Wii, playstation özellikle bu ikisi, farklı müşteri çizgisine hitap ediyorlar. Wii'de daha ailecek oynanabilen ve hareket anlamında da katılabileceğin oyunlar var ama grafikler playstation'ın yeni çıkarttığı ve blue ray filmlere uygun olan oyunlarının yanında çok basit kalıyor. Grafik anlamda yazdım, tekrar edeyim. Ayrıca şu aralar playstation alınmasını çocukluya şöyle önermem, 60 GGbaytlıklar bitti, 80 liklerin geriye dönüşümlü yani PS2 oyunlarını oynatıp oynatmayacağı bilinmiyor henüz ve bu durum evdeki çocukların aleyhine. Çünkü bütün basit grafikli ve şirin konulu oyunlar PS2'de kaldı. Ben o konuda şanslıyım, herhalde UAE de kalan en son 60 lık PAl olanını ben aldım ve şimdi iki tarafı da memnun edebilecek bir oyun arşivi oluşturulabilir.

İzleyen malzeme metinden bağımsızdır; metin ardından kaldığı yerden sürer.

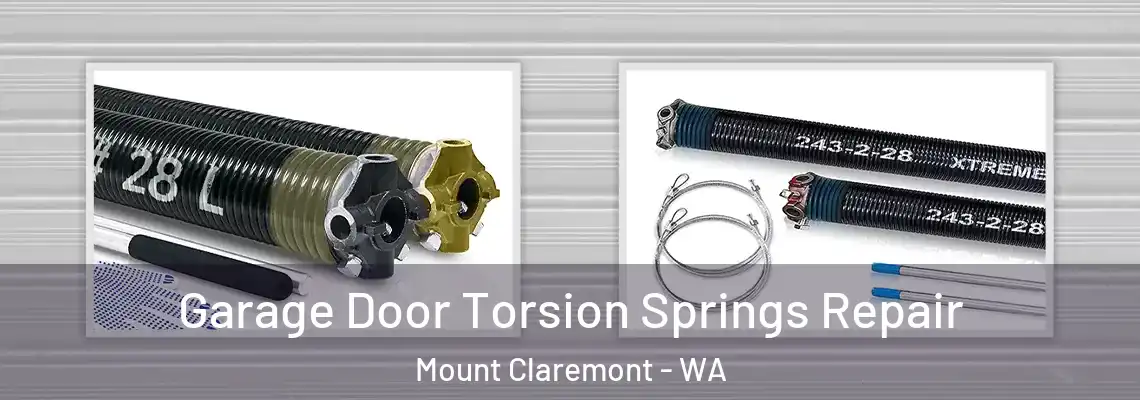 Garage Door Torsion Springs Repair Mount Claremont - WA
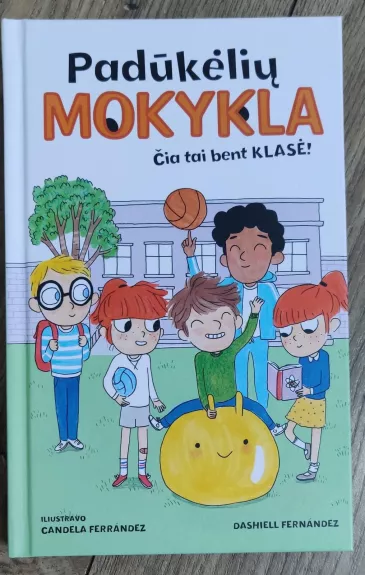 Padūkėlių mokykla. Čia tai bent klasė!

PS alacak iseniz bekleyin derim. Wii için de grafikler anlamında bir beklenti içinde olmayın ama şirin. Bize PS ı aldırtan grafik hastalığımız oldu. Yeni çıkan oyunlar neredeyse film kalitesinde.

Adsız dedi ki...

Sağolasın evinkedisi ama ben kendim için istiyorum...

Adsız dedi ki...

Yahu mahsus mu yapıyorsun? Bakıyorum yoksun...Neden bu mahrumiyet? hadi yaz artık ne olursa olsun hadiiiii..

evinkedisi dedi ki...

Balaanne Melike'cim;

Şu aralar hormonlarla ilgili olan sorunlardan mütevellit Necefli Maşrapa koymayı yeğleyebilirim. Kendimi iyi hissetmiyorum. Bir süre ara! Ve özürler gerçekten, yazabilir hale geldiğimde hemen başlayacağım söz!

İlgi ve alakaya, isteğe ve şevkate de çoook teşekkürler :)))

Adsız dedi ki...

Geçmiş olsun o zaman..Hadi iyileş de yaz o zaman. Balanne.com'a misafir ol da beni oku o zaman.